Records contained in a dataset:
○ ○ ○ ○ ○

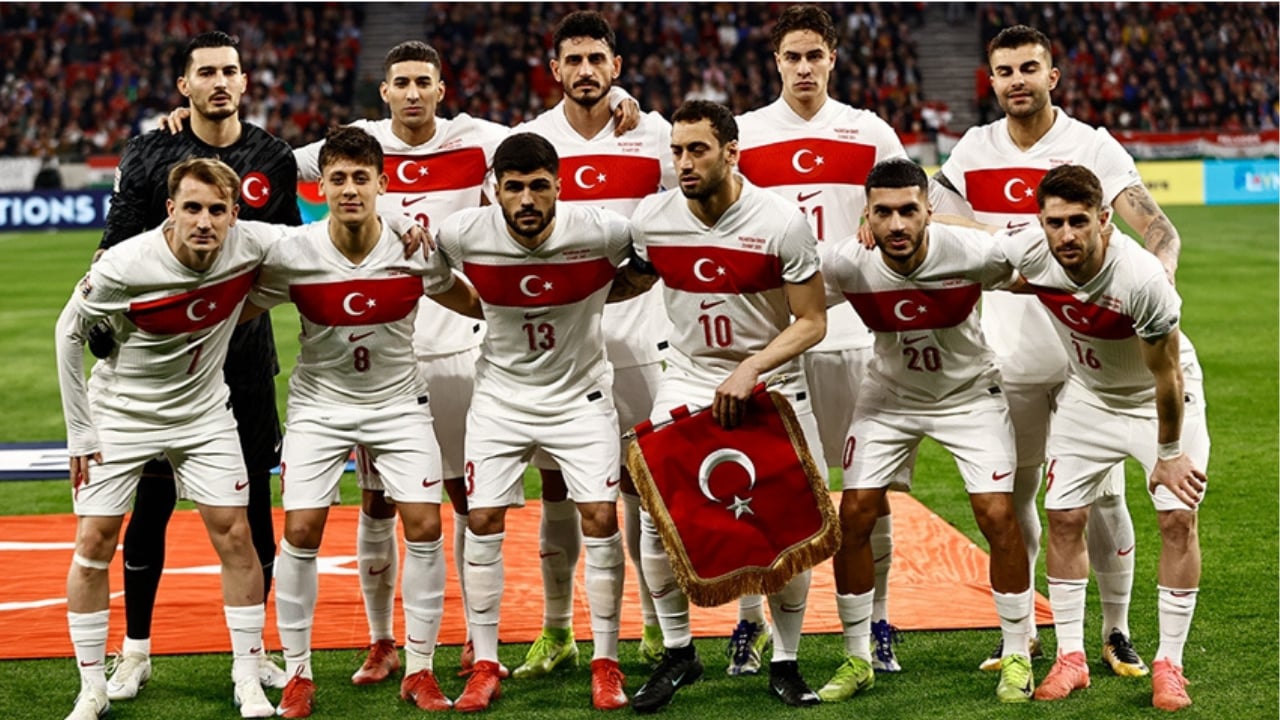 A Milli Takım’da Kosova maçının hazırlıkları devam ediyor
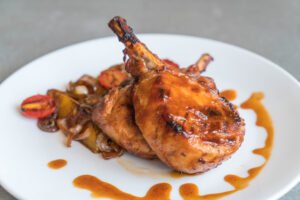 Honey Garlic Pork Chops Recipe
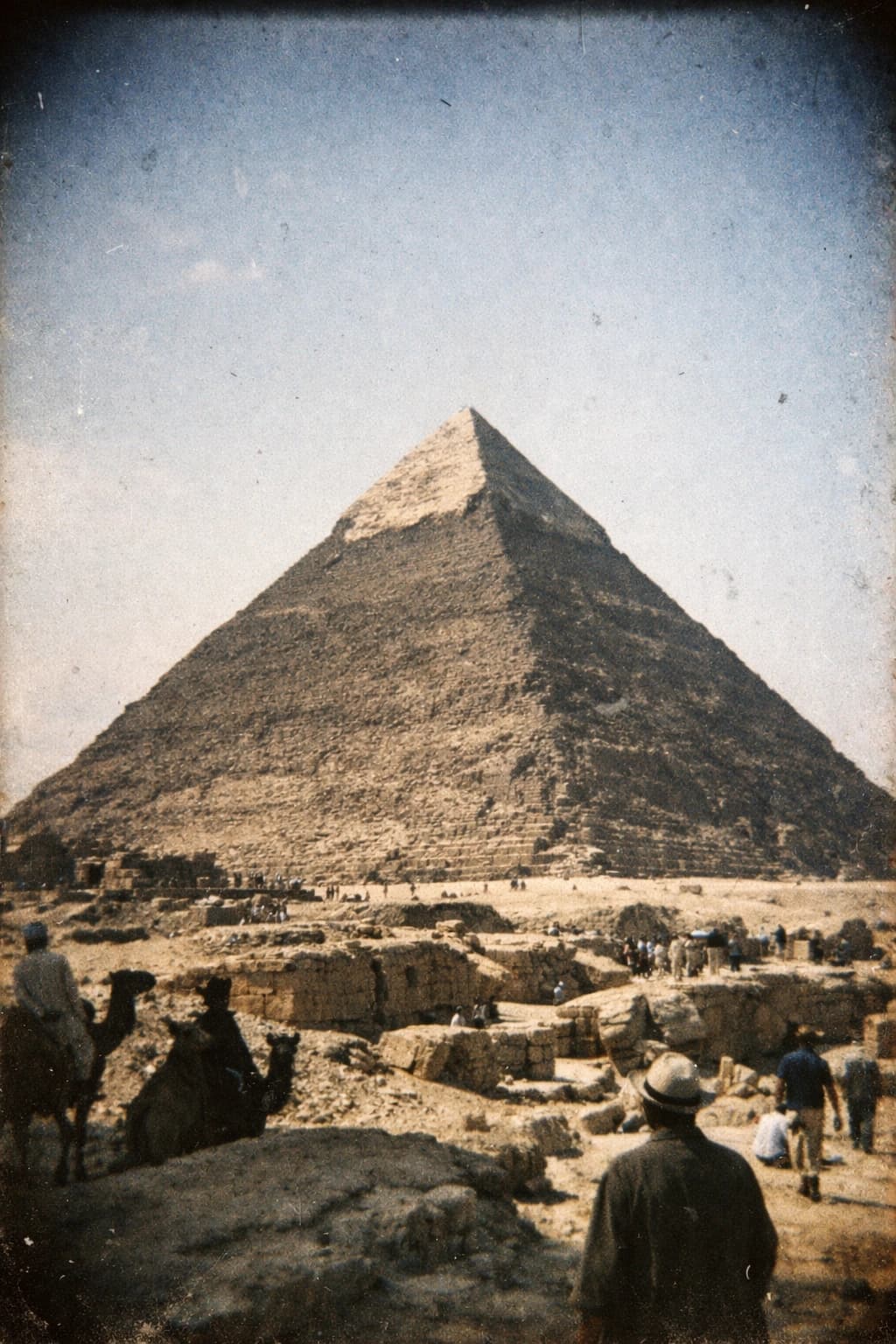 The Great Pyramid of Giza: The Last Surviving Wonder of the Ancient World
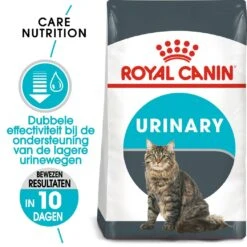 Royal Canin Kattenvoer Urinary Care 4 Kg -Goedkope Dierenwereld XL winkel royal canin urinary care volwassen kat blaasstenen hero packshot 1
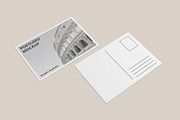 Postcard Invitation Mockup Bundles, a Card Template by Graphic Aesthetic (Thumbnail 13 of 22)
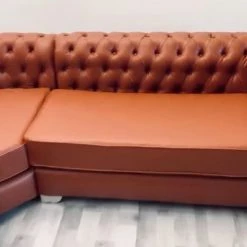 Velvetsofa SOFAS Richmond Chesterfield Leather Sofa Range
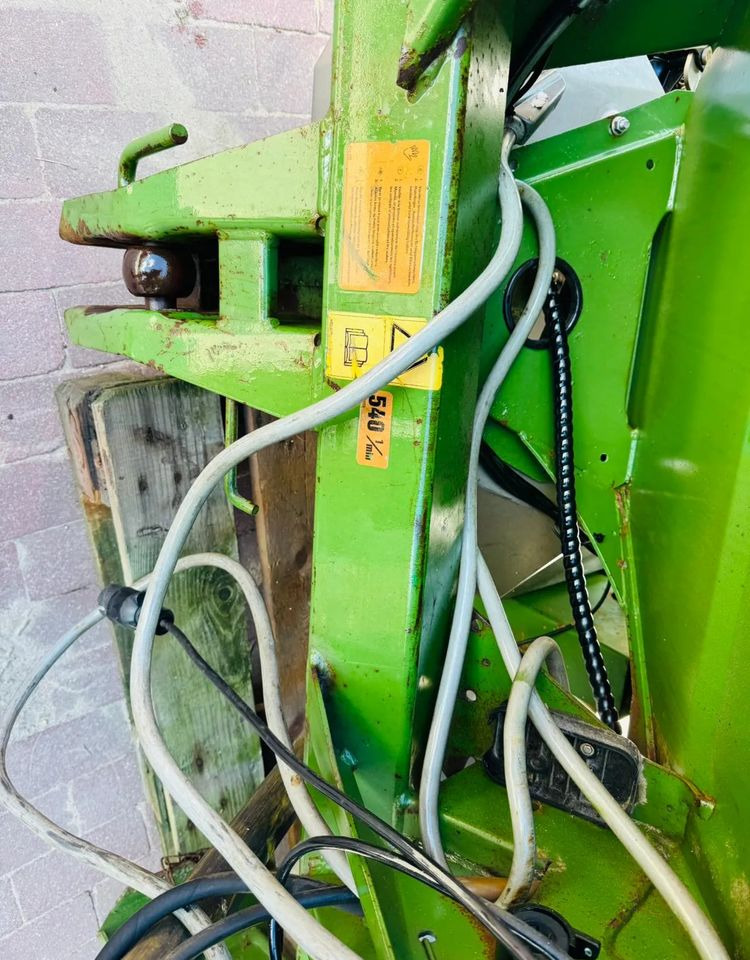 Amazone ZA-M maxiS - Rasipač veštačkog đubriva: slika 5 Amazone ZA-M maxiS - Rasipač veštačkog đubriva: slika 5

○ ○ ○ ○ ○

• [Problem statement]:
Quote every entry exactly, with the pictures omitted.

• [Answer to this task]:
 A Milli Takım’da Kosova maçının hazırlıkları devam ediyor
 Honey Garlic Pork Chops Recipe
 The Great Pyramid of Giza: The Last Surviving Wonder of the Ancient World
 Royal Canin Kattenvoer Urinary Care 4 Kg -Goedkope Dierenwereld XL winkel royal canin urinary care volwassen kat blaasstenen hero packshot 1
 Postcard Invitation Mockup Bundles, a Card Template by Graphic Aesthetic (Thumbnail 13 of 22)
 Velvetsofa SOFAS Richmond Chesterfield Leather Sofa Range
 Amazone ZA-M maxiS - Rasipač veštačkog đubriva: slika 5 Amazone ZA-M maxiS - Rasipač veštačkog đubriva: slika 5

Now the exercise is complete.